И вот однажды наступил его срок. Он услышал изнутри каменной горы, как загремело ведро. Тимоша по звуку узнал, что это было их ведро, ведро его матери, и закричал, чтоб его услышали. И правда, это была мать Тимоши, пришедшая за водой; она брала теперь всего четверть ведра, потому что больше не могла унести.

Мать услышала, что кто-то кричит из горы, но не узнала голоса своего сына.

– Ты кто там? – спросила она. Тимоша узнал голос матери и ответил:

– Мама, я забыл, кто я.

Мать опустилась на каменную землю и прильнула к ней лицом.

Сын обрушил последние камни в горе и вышел на свет к матери.

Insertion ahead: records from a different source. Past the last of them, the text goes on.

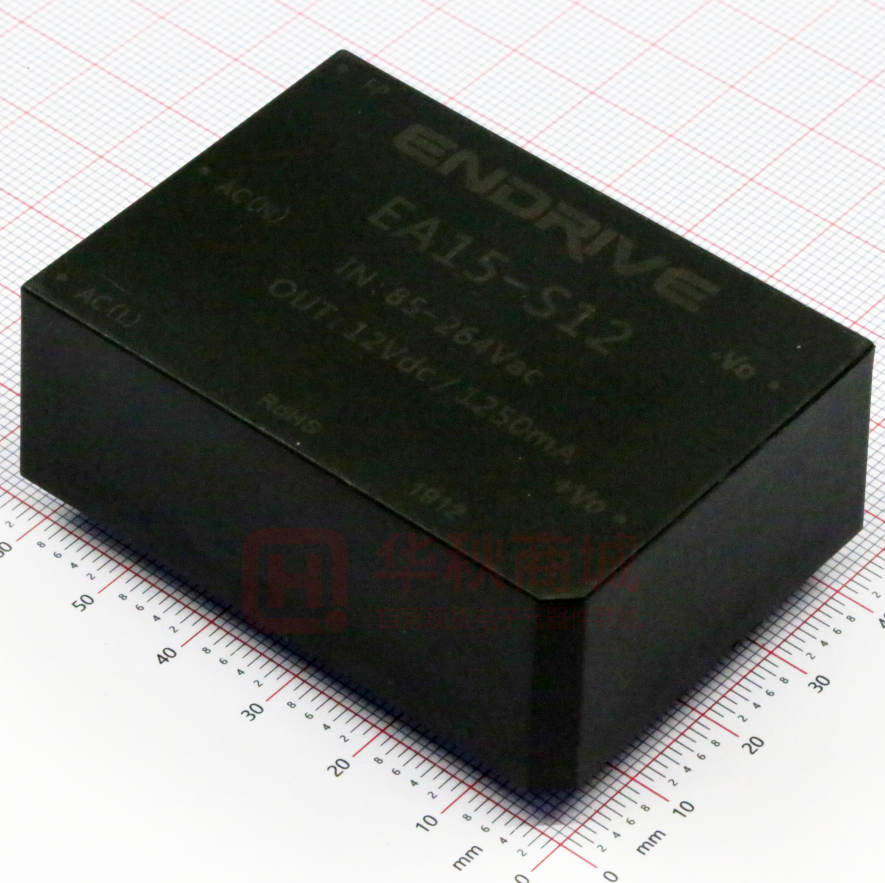 EA15-S12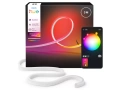 8721103088611-929004276902-Neon-UI-ATF-APP.webp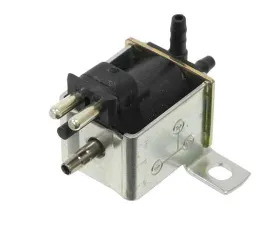 Pierburg Change-Over Valve 001-540-86-97
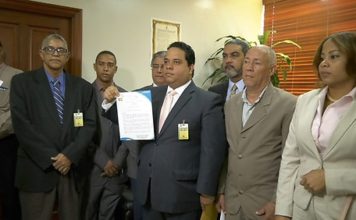 Dominicanos por el Cambio pide JCE investigue supuestos aportes Odebrecht a campañas PLD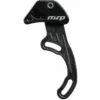 MRP 1x CS Chain Guide -Sykkel Kompo MRP 1x CS Upper Chain Device Internal Black NotSet CHMRUCS5K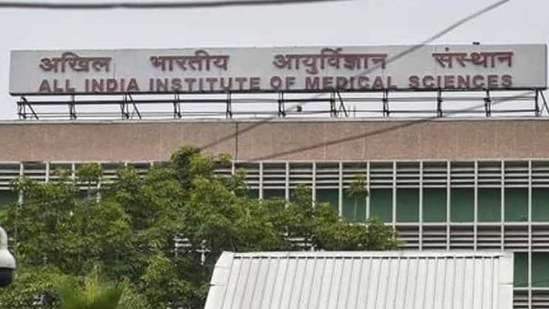 A senior administrator from the hospital said the number of health care workers infected could be as high as 50 in the last one week. (PTI file photo) A senior administrator from the hospital said the number of health care workers infected could be as high as 50 in the last one week. (PTI file photo)
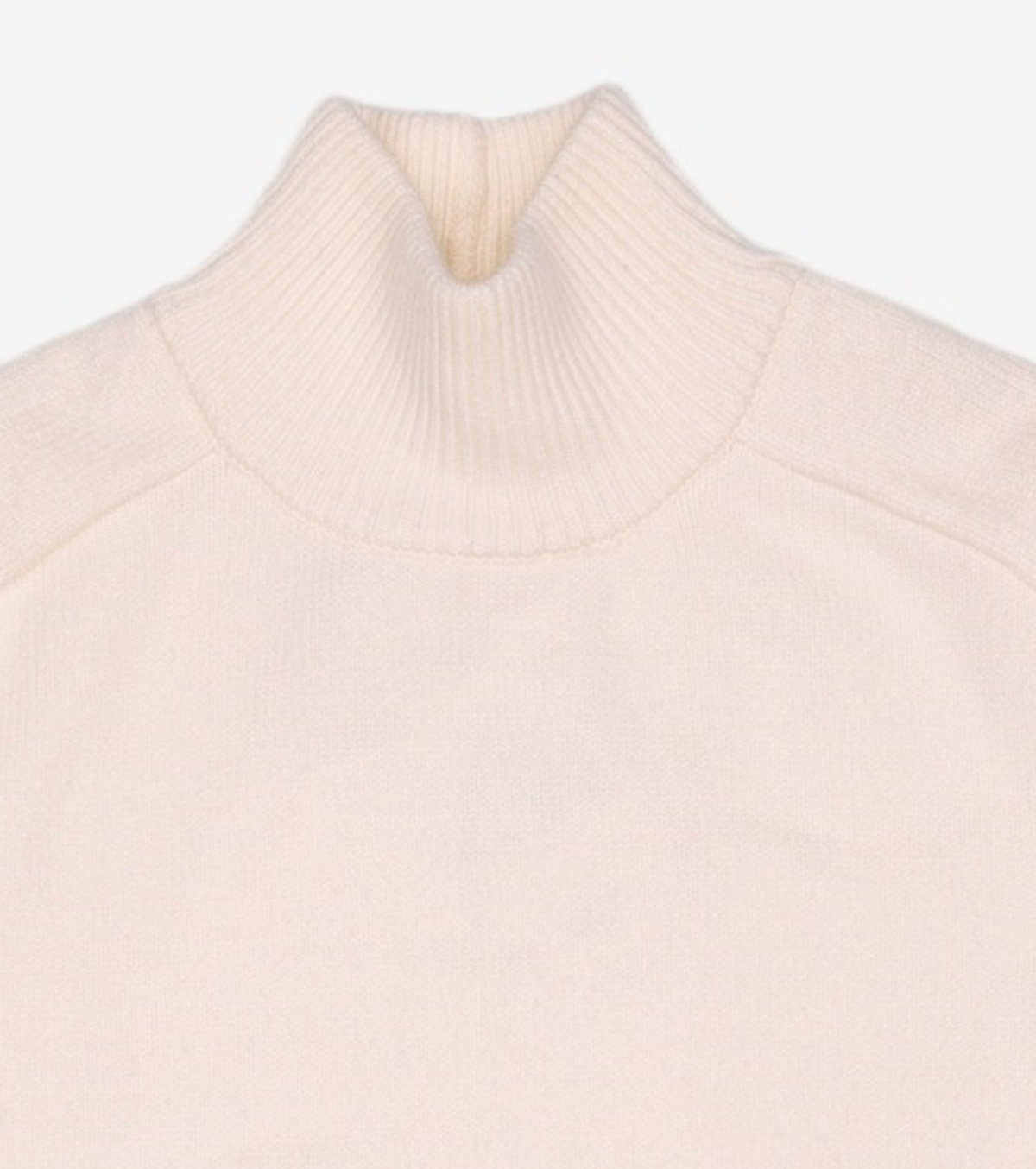 자라(ZARA) 니트/스웨터 S
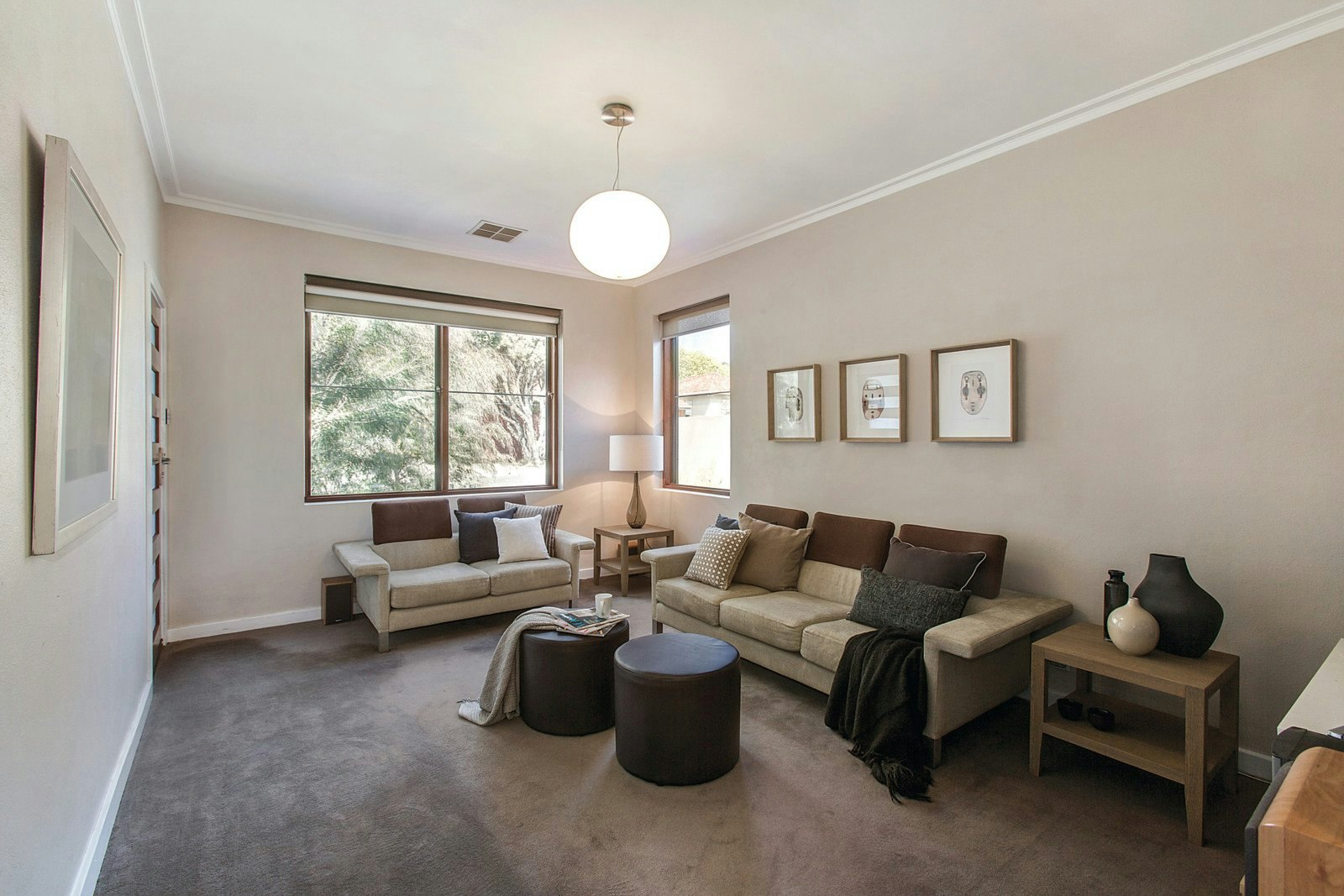 1/252 South Road, Brighton East, VIC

Но он не увидел её, потому что ослеп внутри каменной горы. Старая Анисья поднялась к сыну и увидела перед собой старика. Она обняла его и сказала:

– Родила я тебя, а ты ушёл. Не вырастила я тебя, не попитала и поласкать не успела…

Тимоша припал к маленькой, слабой матери и услышал, как бьётся её сердце.

– Мама, я теперь всегда с тобой буду!

– Да ведь старая я стала, полтора века прожила, чтоб тебя дождаться, и ты уже старый. Умру я скоро и не полюбуюсь тобой.

Мать прижала его к своей груди; она хотела, чтобы всё дыхание её жизни перешло к сыну и чтобы любовь её стала его силой и жизнью.

И она почувствовала, что Тимоша её стал лёгким. Она увидела, что держит его на руках, и он был теперь опять маленьким, каким был тогда, когда убежал за разноцветной бабочкой. Жизнь её любовью перешла к сыну.

Старая мать вздохнула последним счастливым дыханием, оставила сына и умерла.